In a new article published in The British Journal of Psychiatry, researchers Joanna Moncrieff and Mark Horowitz reviewed the evidence for the use of esketamine for depression. They found a lack of evidence for efficacy and a minimization of the harms of the drug.
“Esketamine has been licensed for ‘treatment-resistant depression’ in the USA, UK, and Europe. Licensing trials did not establish efficacy: two trials were negative, one showed a statistically significant but clinically uncertain effect, and a flawed discontinuation trial was included, against Food and Drug Administration precedent. Safety signals – deaths, including suicides, and bladder damage – were minimized,” Moncrieff and Horowitz write.
Esketamine—a recently licensed version of the animal tranquilizer and human party drug ketamine—was approved for the treatment of depression in the US, UK, and Europe last year. According to the researchers, “esketamine is twice as potent as ketamine.” Unlike ketamine, which is delivered intravenously, esketamine was formulated as a nasal spray for easy use.
Ketamine is known to cause harmful effects, including bladder damage, heart attacks, and strokes. When used recreationally, it creates a dissociative state in the user, which some find euphoric.
Five trials were submitted to the US FDA in order for the drug company Janssen to receive FDA approval. Three of those trials were short-term randomized controlled trials that pitted esketamine against a placebo nasal spray—and all three lasted only four weeks, shorter than the usual efficacy trials in drug development (the FDA usually requires 6-8 week trials).
The FDA requires at least two efficacy trials to be positive, “each convincing on its own,” in order to approve a new drug. However, in two of the three trials, esketamine was no better than a placebo nasal spray at improving depression symptoms. In the third trial, esketamine was marginally better than the placebo—four points better on a scale that goes to 60 points. This difference is said by researchers to be clinically insignificant—unnoticeable by both patient and doctor.

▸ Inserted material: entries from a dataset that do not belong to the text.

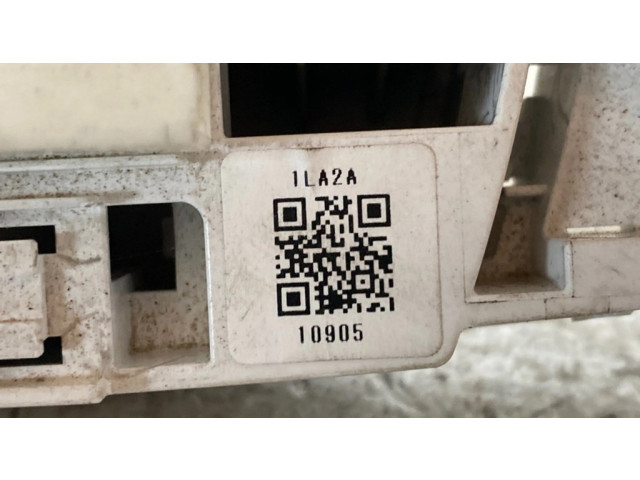 Фонарь освещения передних мест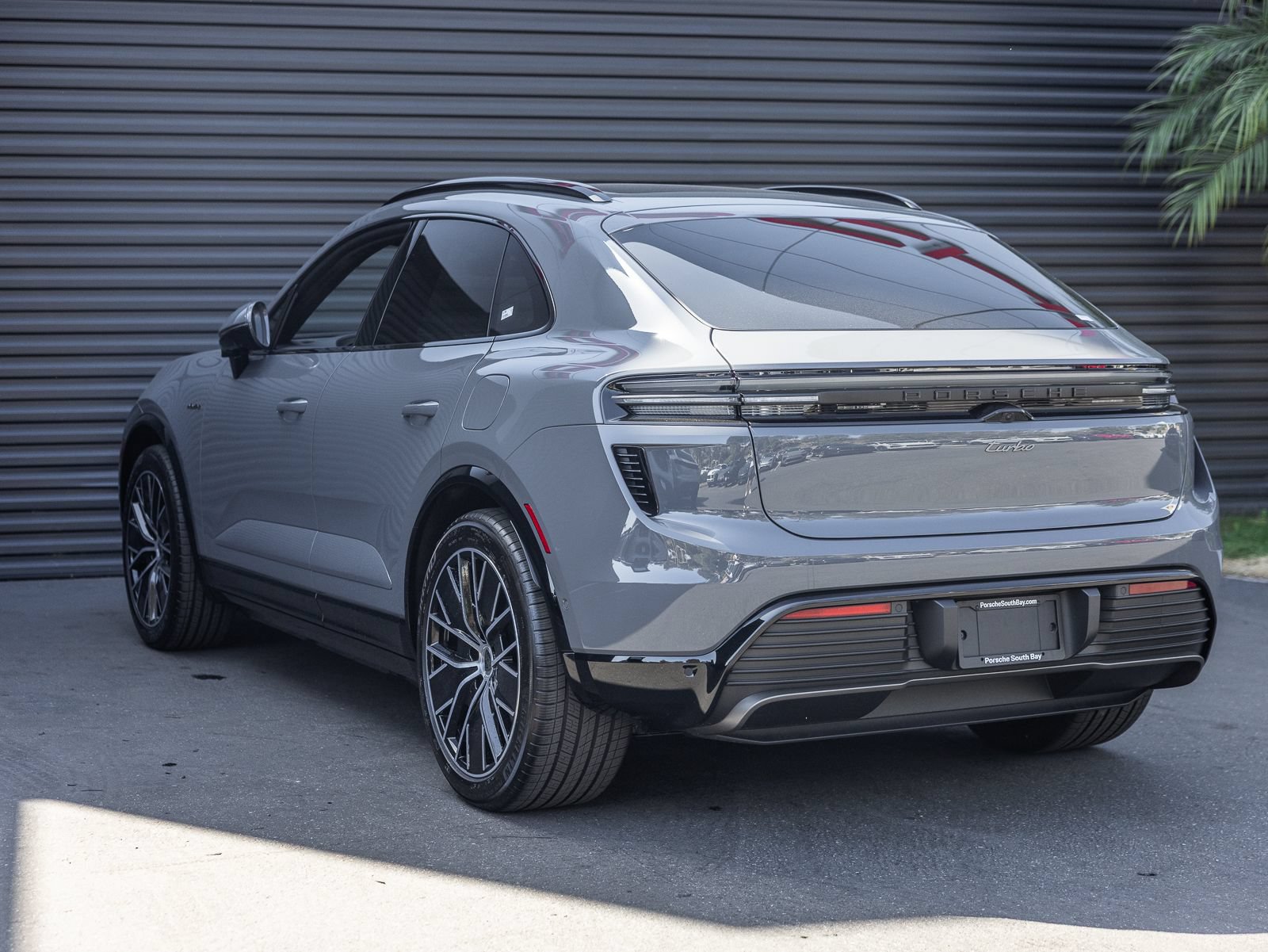 Certified 2025 Porsche Macan Turbo Electric AWD/4WD image 3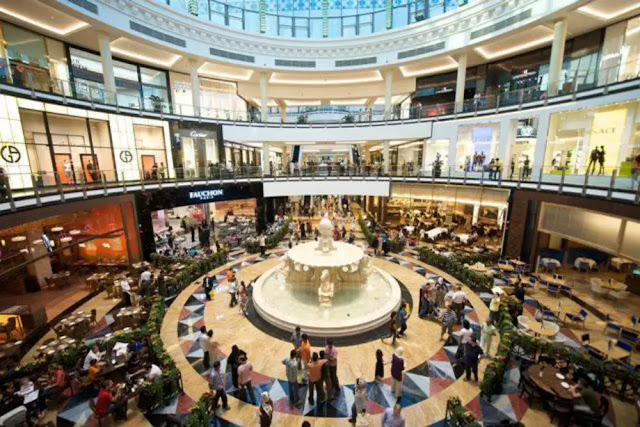 Dubai Buka Bioskop 'Drive-in' di Tengah Ancaman COVID-19 di Mall Emirates Dubai Buka Bioskop 'Drive-in' di Tengah Ancaman COVID-19 di Mall Emirates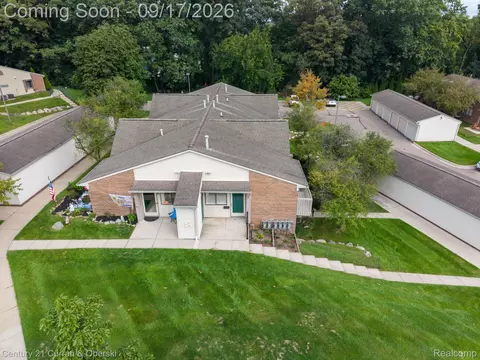 View/Area - 403 Spring Brooke Dr, Brighton, MI 48116 photo 2 of 4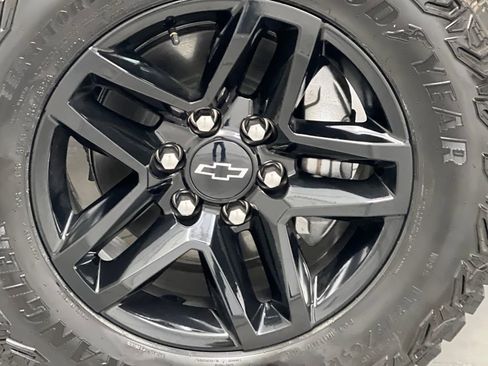 Used 2026 Chevrolet Silverado 1500 Custom Trail Boss w/ LPO, Dark Essentials Package image 56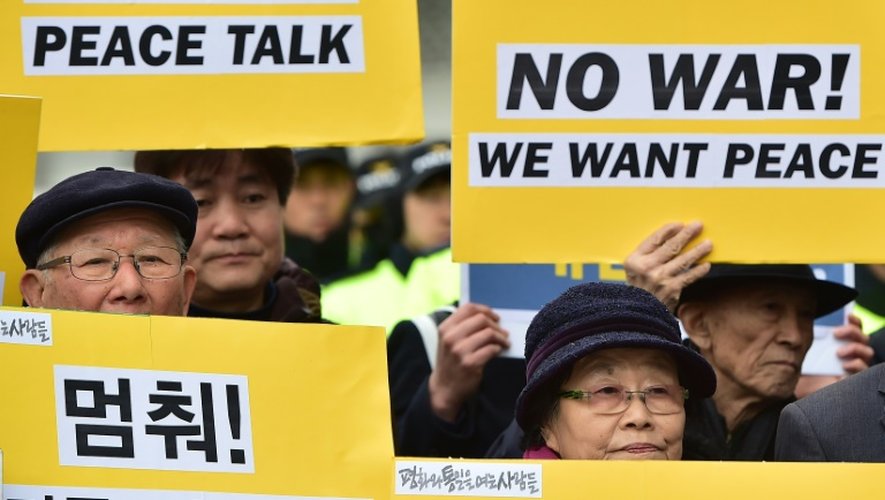Des militants manifestent le 7 mars 2016 à Séoul contre les manoeuvres militaires organisées par la Corée du Sud et les Etats-Unis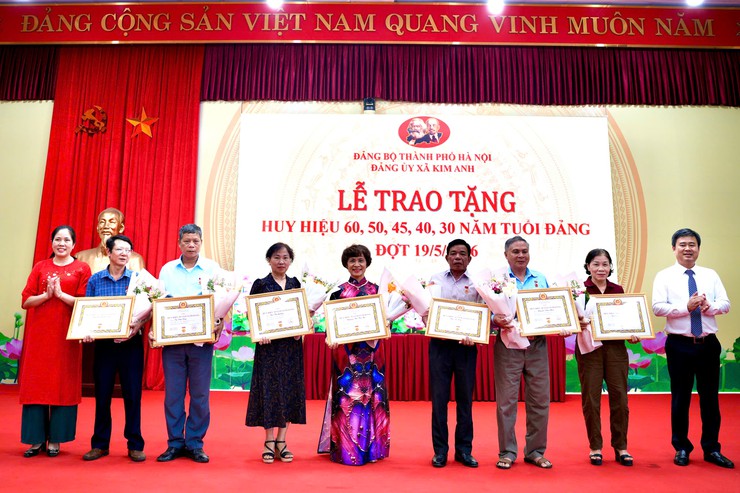 ĐẢNG BỘ XÃ KIM ANH TỔ CHỨC LỄ TRAO HUY HIỆU ĐẢNG- Ảnh 3.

When Janssen couldn’t meet the requirements for approval of the drug, the FDA made an exception—it allowed the company to submit a “discontinuation” trial as evidence of efficacy. This type of trial has participants who did well on the drug suddenly stop taking it, which often induces withdrawal effects that can mimic depression, among other harmful effects. However, in a “discontinuation” trial, these effects are considered “relapses” and taken as evidence, not of withdrawal, but the drug’s effectiveness.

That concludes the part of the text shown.